Documentation

Deploy, integrate, and troubleshoot LongCat open-source models

Production Deployment

LongCat-Flash MoE models (560B) require vLLM or SGLang with tensor and expert parallelism. Smaller models like Flash-Lite can run on fewer GPUs via Transformers.

Hardware: FP8 Flash-Chat needs ≥1× 8-GPU node (e.g. 8× H20); BF16 needs ≥2 nodes (e.g. 16× H800).

Multimodal Models

Video Generation

LongCat-Video provides unified interfaces for text-to-video, image-to-video, and video continuation. Optimized for long-form videos (up to 5 minutes) with high temporal consistency.

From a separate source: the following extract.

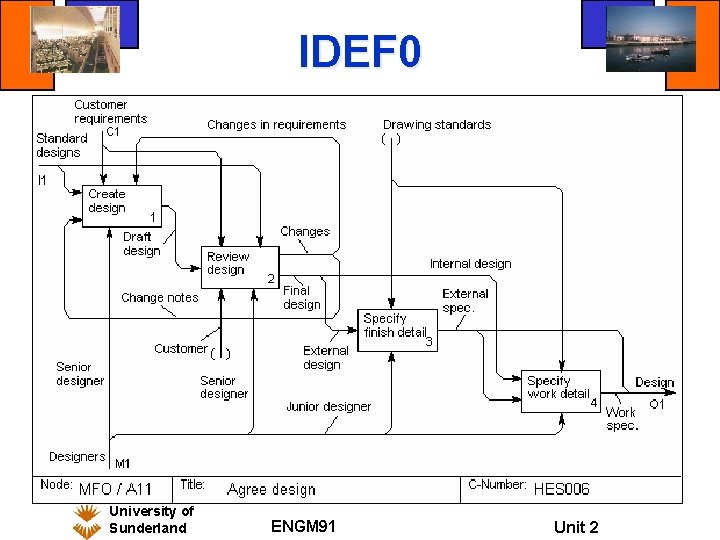 IDEF 0 University of Sunderland ENGM 91 Unit 2 IDEF 0 University of Sunderland ENGM 91 Unit 2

Digital Human Video (Video-Avatar 1.5)

LongCat-Video-Avatar 1.5 is the commercial-grade open-source digital human model. Supports AT2V, ATI2V, and video continuation.

  • Whisper-large audio encoding for precise lip sync
  • DMD 8-step inference: ~15× faster; shared base + LoRA adapters
  • Multi-person & open-domain: humans, anime, animals
  • Long-video stability: Cross-Chunk Latent Stitching

Resources: Model page | GitHub | Hugging Face

Image Generation & Editing

LongCat-Image powers generation on LongCat Web with superior Chinese text rendering. See model page and Chinese text generation guide.

License & Usage

All LongCat models are released under the MIT License, allowing distillation, fine-tuning, and secondary development. Evaluate models before use in sensitive or high-risk scenarios and ensure compliance with applicable laws.